United States v. Grcich

Opinion of the Court

ROBERT E. Quinn, Chief Judge:

A board of review set aside the sentence imposed upon the accused by a special court-martial on the ground that a “unanimous clemency recommendation” by the members of the court was “in conflict with the sentence as actually adjudged.” The Judge Advocate General of the Navy certified the case to this court to review the correctness of the board of review’s decision.1

At trial, the accused entered a plea of guilty to two specifications alleging unauthorized absence in violation of Article 86, Uniform Code of Military Justice, 10 USC § 886. He was found guilty as charged. During the sentence procedure, the accused made an un-sworn statement reviewing the financial and health problems of his family. Defense counsel read excerpts from matters introduced in mitigation in the accused’s previous trials. These were supplemented by a further statement by defense counsel. After deliberating in closed session, the court opened and the president announced that the court had sentenced the accused to a bad-conduct discharge and confinement at hard labor for six months. He concluded his statement as follows:

“The court, however, in view of your youth and your apparent family difficulties, your GOT, and your educational background, recommends clemency from the viewpoint that you be considered for an administrative type of discharge in lieu of a bad conduct discharge.”

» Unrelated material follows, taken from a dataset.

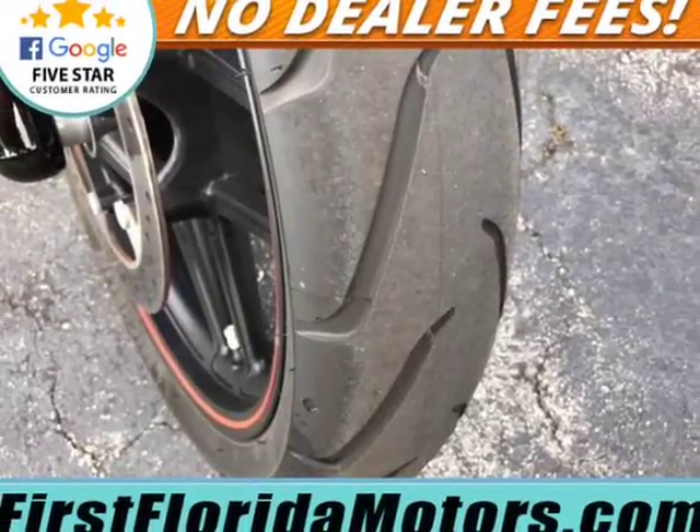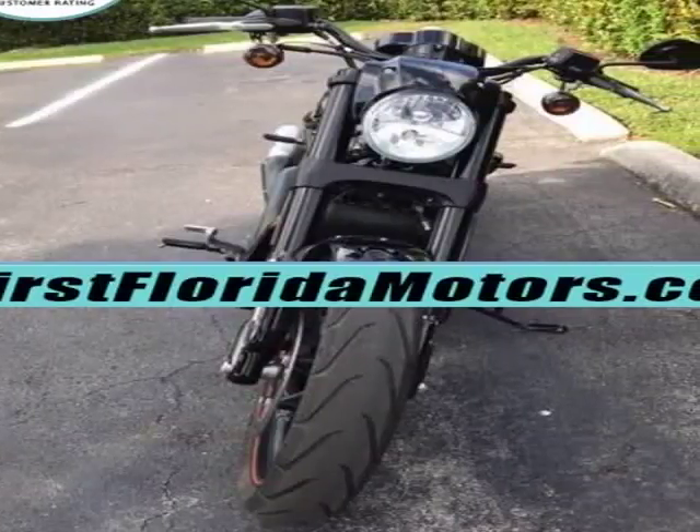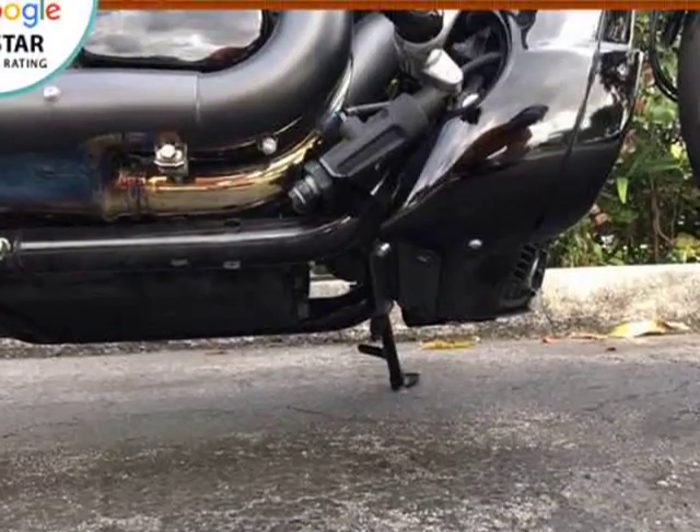Harley-Davidson Security System with both fobs and keys. Upgraded Kerker Exhaust — sounds amazing. Pristine, garage-kept bike, never dropped.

Apparently after trial, the three members of the court signed an undated document recommending that the sentence be set aside and that “an administrative discharge be considered.” When the record of trial was reviewed by the supervisory authority, the staff legal officer commented on the court’s action. He said: “It appears an anomaly that the court would sentence the accused to a punishment and then recommend that the sentence be set aside.” Carefully reviewing the circumstances, he concluded, and recommended to the supervisory authority, that the adjudged sentence and the court’s clemency recommendation were “not irreconcilable.” On the other hand, a Navy West Coast board of review composed of Members Moloney, Hendry and Cappelmann unanimously reached an opposite conclusion.

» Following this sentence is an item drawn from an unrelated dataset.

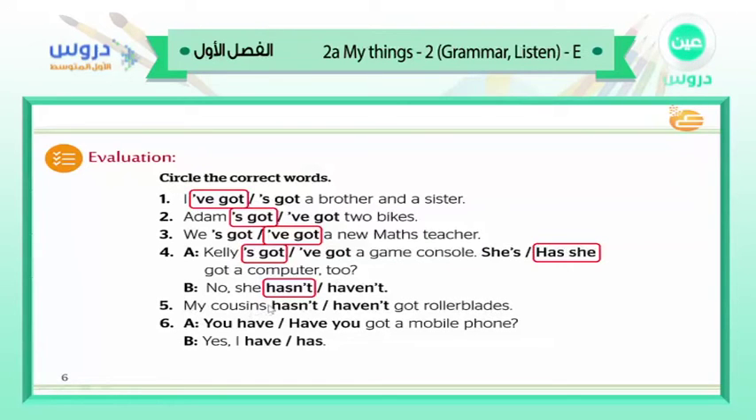Number 5 continued: my cousins hasn't or haven't got rollerblades. My cousins — there is a plural 's,' so there are many of them. The answer: haven't. Number 6: you have or have you got a mobile phone? There's a question mark, so: have you got a mobile phone? Answer: yes, I have. Thank you very much for helping me.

The matter is not one of easy solution. Indeed, it is not unusual in a case of this kind to have a difference of opinion on whether there is a conflict between the sentence and the recommendation. See United States v Kaylor, 10 USCMA 139, 27 CMR 213; United States v Story, 10 USCMA 145, 27 CMR 219; see also, United States v Doherty, 5 USCMA 287, 17 CMR 287. In the Kaylor case the court contemporaneously with its sentence recommended remission of the punitive discharge; in Story, the president directed counsel to prepare a “clemency appeal” which, as signed by a majority of the court members, recommended that the discharge adjudged by the court be disapproved.

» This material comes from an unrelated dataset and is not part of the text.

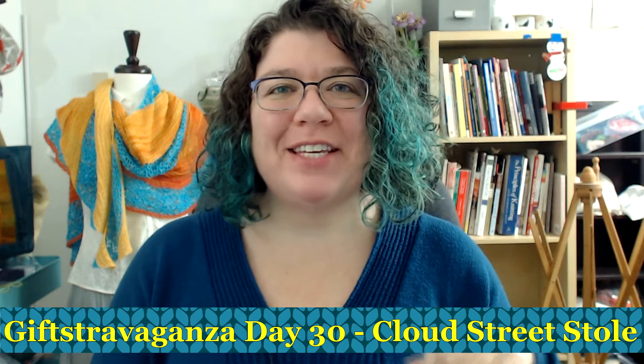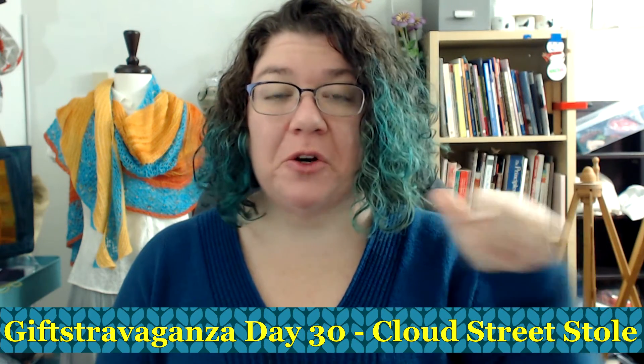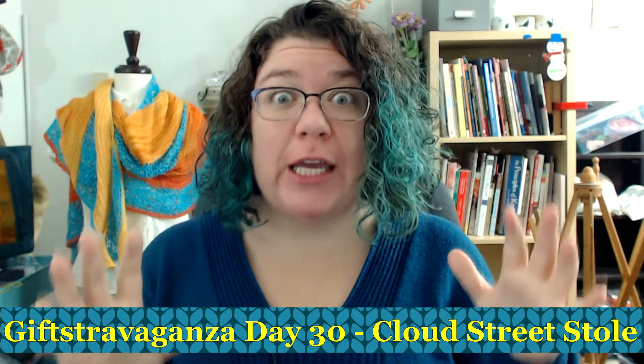Hello knitters, Barbara Benson here. I'm an independent knitwear designer who also likes to make these videos here on my channel, Watch Barbara Knit. Today is day 30 — can you believe it? 30 whole days of my December giftstravaganza.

*497Here, the court recommended that an administrative discharge be substituted for the bad-conduct discharge. In essence, the recommendation was tantamount to a request that the adjudged punitive discharge be remitted. The situation therefore is substantially like that in Kaylor and Story. Accordingly, we answer the certified question-in the affirmative and affirm the decision of the board of review.

Judge FERGUSON concurs.

The certified question is as follows : “Was the Board of Review correct in deciding that the clemency recommendation of the court impeached, or otherwise rendered inconsistent, its sentence verdict?”